We have an American Barn,containing 10stables,kitchen,tack rm,toilet and feed room. Upstairs is a mezzanine lounge/office,which leads thru fireproof doors to a specially fireproofed upstairs hay barn. (As the site is on a slope,the hay barn can be loaded from ground level outside,as ground level at the back is at the hay barn level-sorry,diff to explain!) All stables have opening grille windows. There are 2 horse sized exits (manual double doors and an electric shutter)at the front,an emergency horse exit (sliding door) at the back and a pedestrian door at the side. There is a u-shaped, wide gangway all round the interior,plenty of space to tie horses up outside stables& at the tap (&still get others past). The building is steel frame with block and brick interior,the outer being clad in stone on the bottom and timber on the top(a planning stipulation I think.) Temp wise,we get a good thru draught from the front&back doors(&windows) in summer and in winter,the horses inside with the shutter down generate good warmth! There can be condensation on cold to warm days but we don't have anti condensation roof panels,which I gather would prevent this(have looked into it.) Our pipes are all lagged and only had one burst (the horse shower!) at -18C, 2 winters ago. I love everything being indoors - no wind and no snow shovelling!


----------



## lachlanandmarcus (21 November 2012)

digitalangel said:



			Thanks so much for your amazingly thought our reply! Luckily my place doesnt slope much, its fairly flat so should be too much for the groundworks - i hope!!!!! Im going to give saltire stables a call tomorrow, and also JWS as i think they are more local. I already have 4 outdoor stables but hoping i can turn at least two of those into a hay barn/storage area. then have the 4 stable mini barn. I am budgeting around 20k for the barn plus groundwork - does that sound reasonable?
		
Click to expand...

I think that would be ample to do the mini barn and also cover the work on converting the other stables (NB I wouldnt convert them until the planners sign in blood the PP for the new barn..). The 20k might cover the groundworks too. It will depend on the spec but we had quite a few extras. 

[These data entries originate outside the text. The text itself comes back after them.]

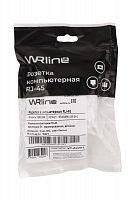Розетка компьютерная RJ-45 WR-WS-8P8C-C5E-SH-2 кат. 5e экранир. двойная внешняя Dual IDC бел. WRline 505218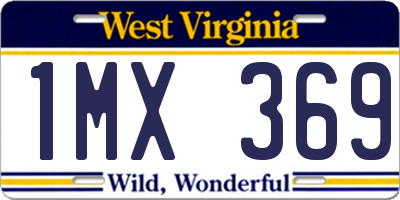 WV license plate 1MX369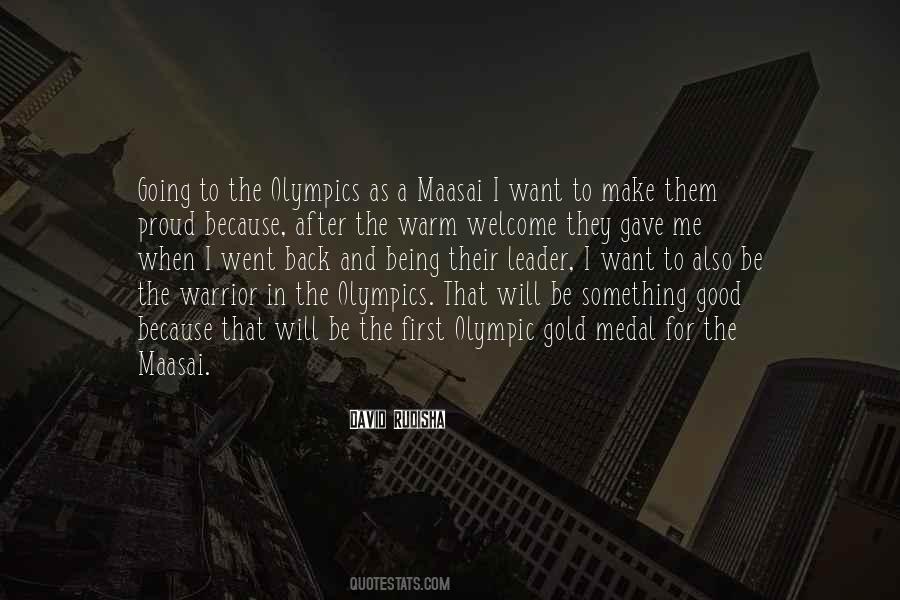 Being A Warrior Quotes #1590248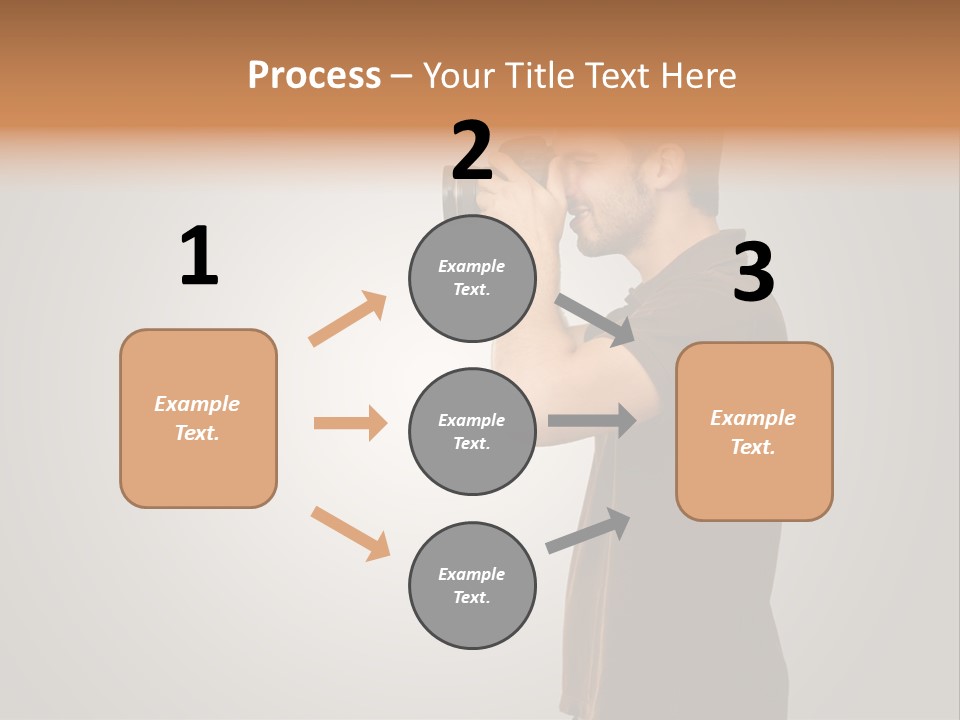 Single Photograph Gray PowerPoint Template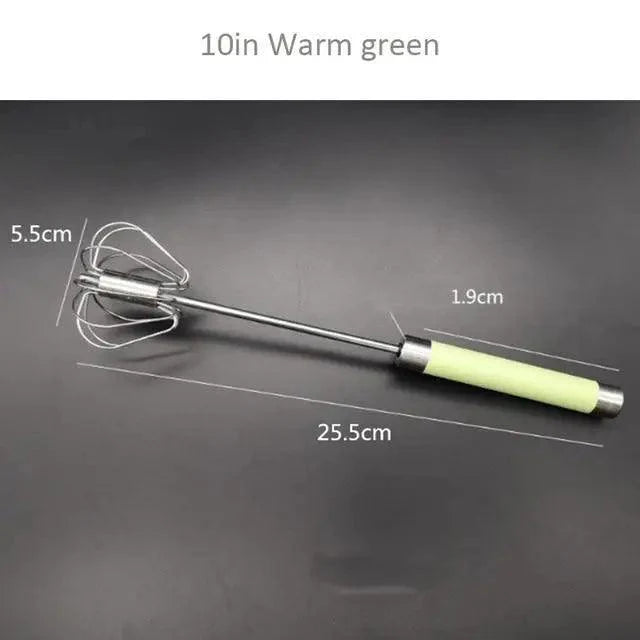 Semi-Automatic Stainless Steel Egg Beater Manual Whisk
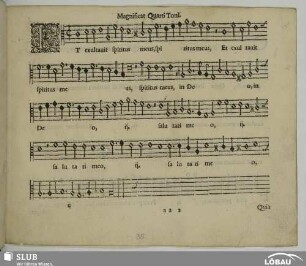 Magnificat in 4. [1.] Ton [dorisch]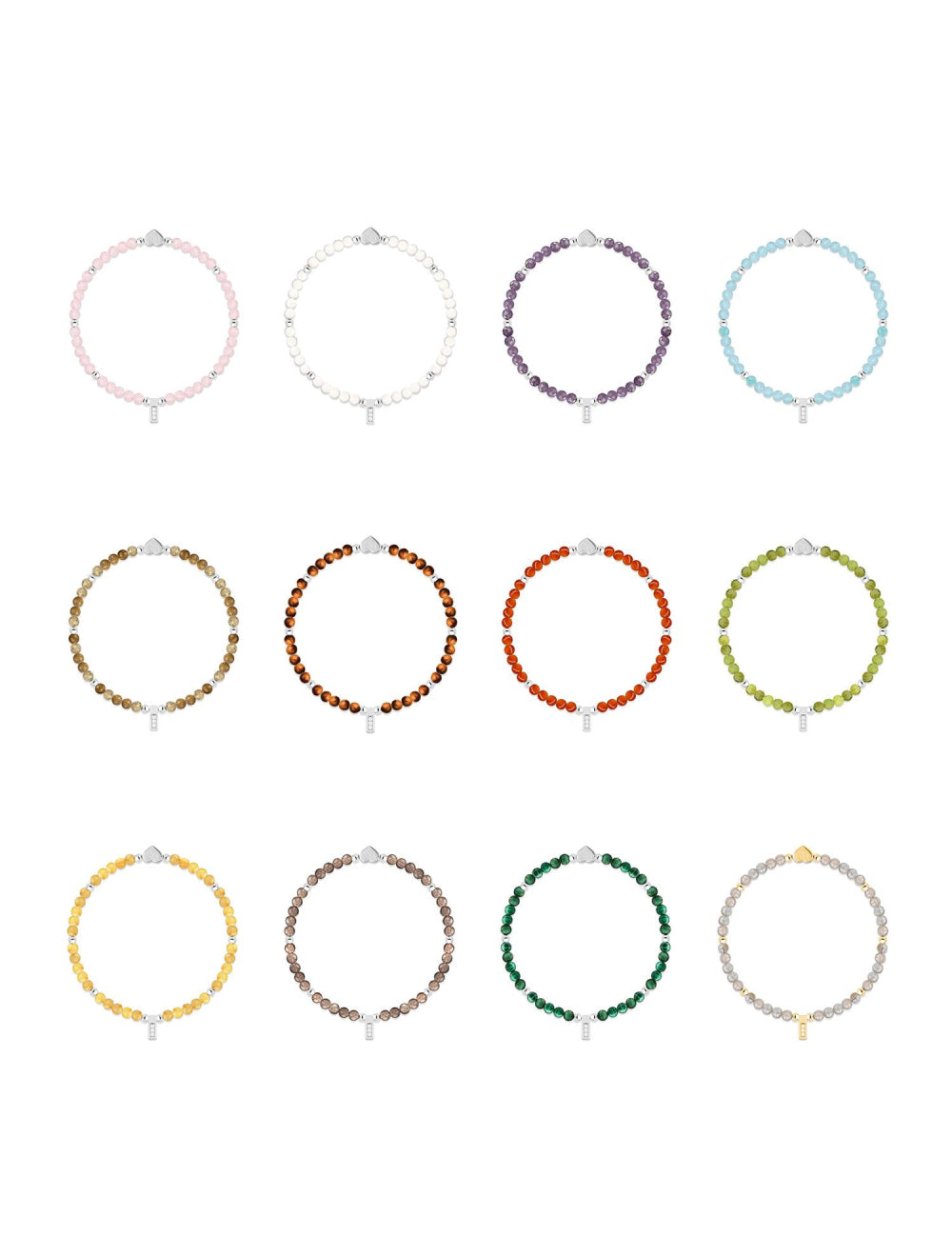 Life Charms Healing Stones Bracelet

NB forgot to say we were originally planning to have rooflights but decided against in  the end as the cutting into the roof sheets would have necessarily slightly increased the risk of leaks because of our mad/wild weather location. But they were an option that was available. The onduline roof is lined with OSB board underneath which helps with insulation and helps to prevent it blowing off - so far it has survived 4-5 years of Cairngorm weather so I wouldnt have any issue with roof spec's with onduline rather than say, tin or fibre cement sheets or something.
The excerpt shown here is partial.